Verfügungen - Kunstgegenstände und Mobiliar
Wer vorausschauend handelt, bespricht am besten auch zu Lebzeiten mit seinen Erben welches Mobiliar, welche Haushalts- und Kunstgegenstände in realistischer Weise übernommen werden sollen. Und was ist mit dem vielen Besitz, der nicht von den Erben erwünscht ist oder nicht übernommen werden kann?
Nun, den genießen Sie in aller Ruhe bis an das Ende Ihrer Tage. In der Schublade und im Testament haben Sie aber - bitte sehr - schon die Adresse und den Ansprechpartner des Auktionshauses beziehungsweise des Entrümplers notiert, der die Verwertung Ihres Mobiliars und Ihrer Kunstgegenstände abzuwickeln hat. Das erspart viel Streit unter Ihren Erben.

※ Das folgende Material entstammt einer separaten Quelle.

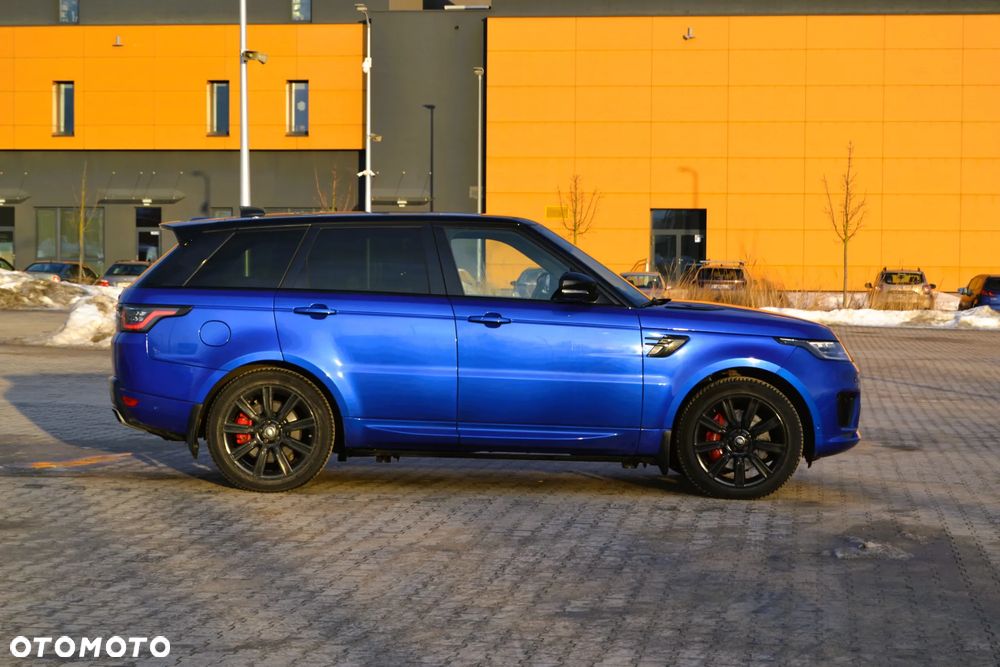 Land Rover Range Rover Sport S 4.4 SD V8 AB Dynamic - 9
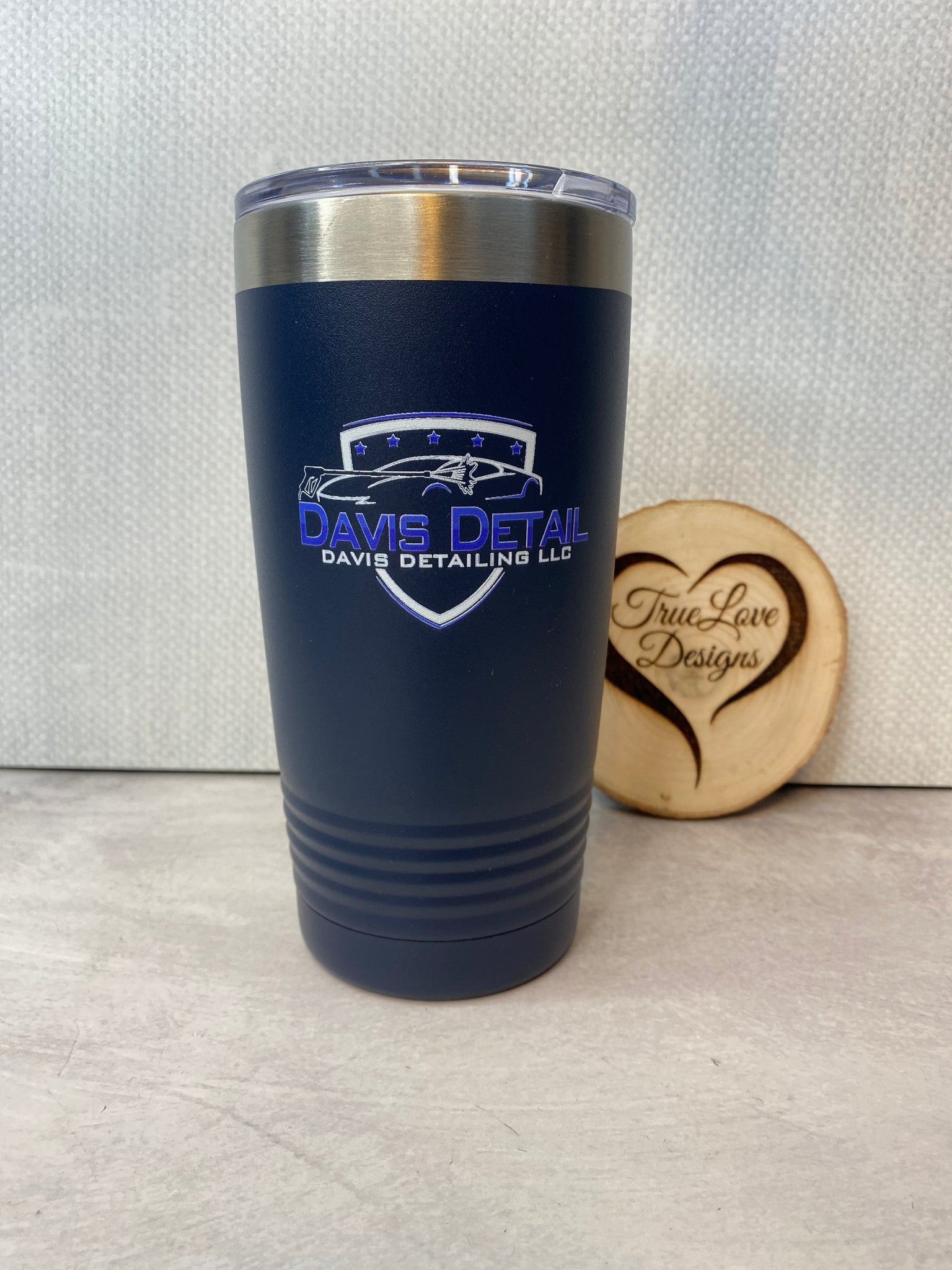 20 oz. Travel Mug - Logo My Mug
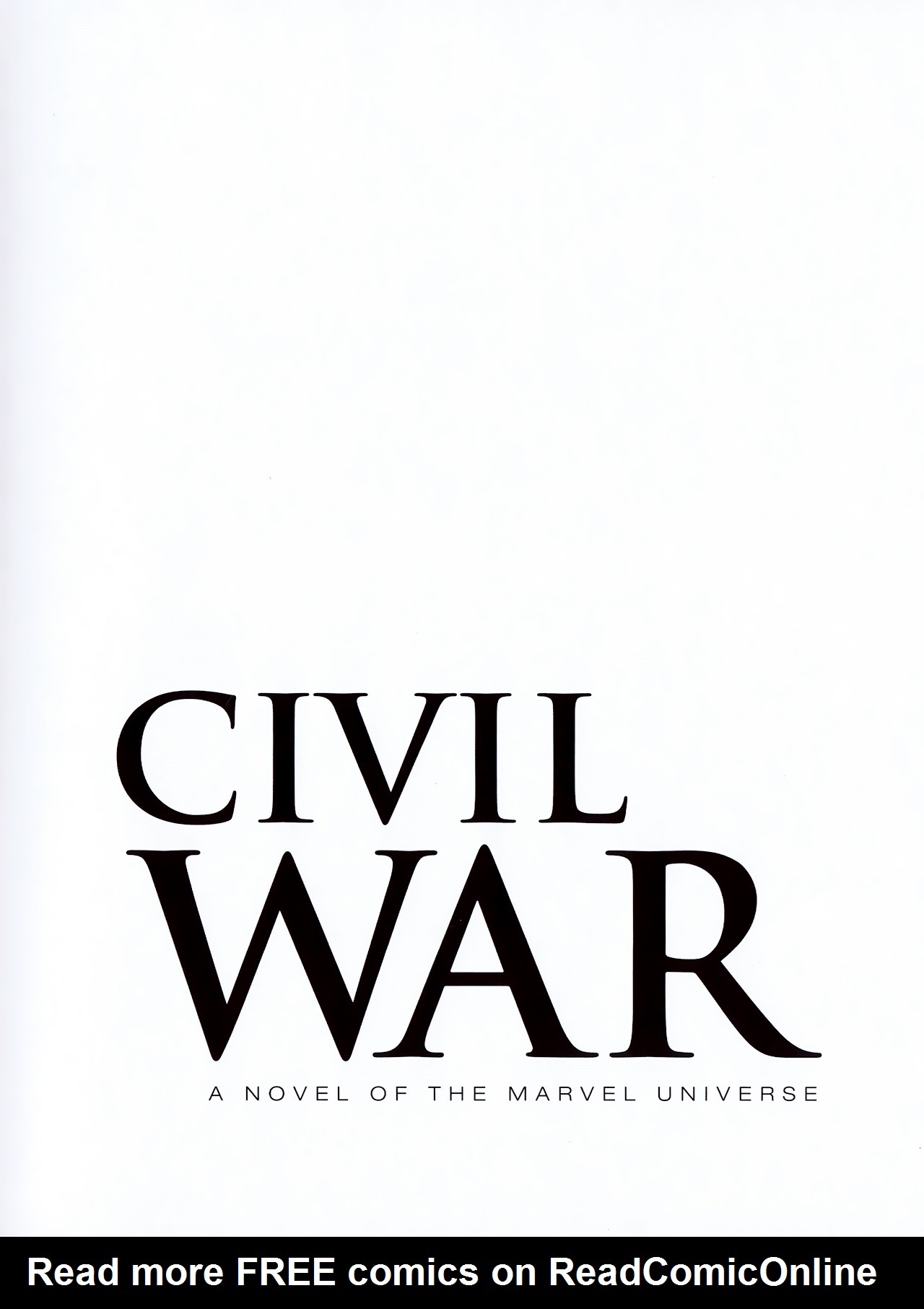 Read online Civil War Prose Novel comic -  Issue # TPB (Part 1) - 11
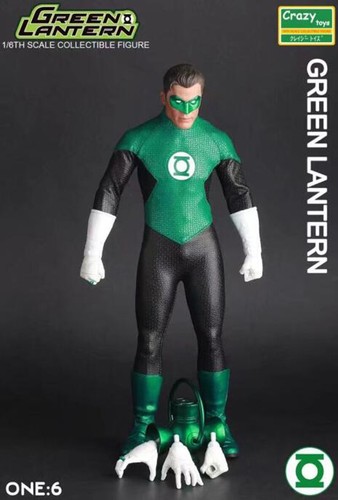 Figuritas DC COMICS BATMAN, SUPERMAN, GREEN LANTERN Super Héroes 30 CM 1:6 - Imagen 15 de 18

Und noch eins zum Thema „Entrümpler“: Am besten bezahlen Sie die Rechnung gleich im vor hinein. Bei der Auflösung des Haushaltes meines Großvaters vor gut 30 Jahren war unsere Überraschung doch einigermaßen groß, dass wir nicht etwa Geld für den gesamten, einst teuer erworbenen bürgerlichen Hausrat erhielten, sondern Einiges zahlen mussten, dass überhaupt jemand bereit war, sich mit all den „wertvollen“ und geliebten Gegenständen zu belasten. Das war keine schöne Erfahrung.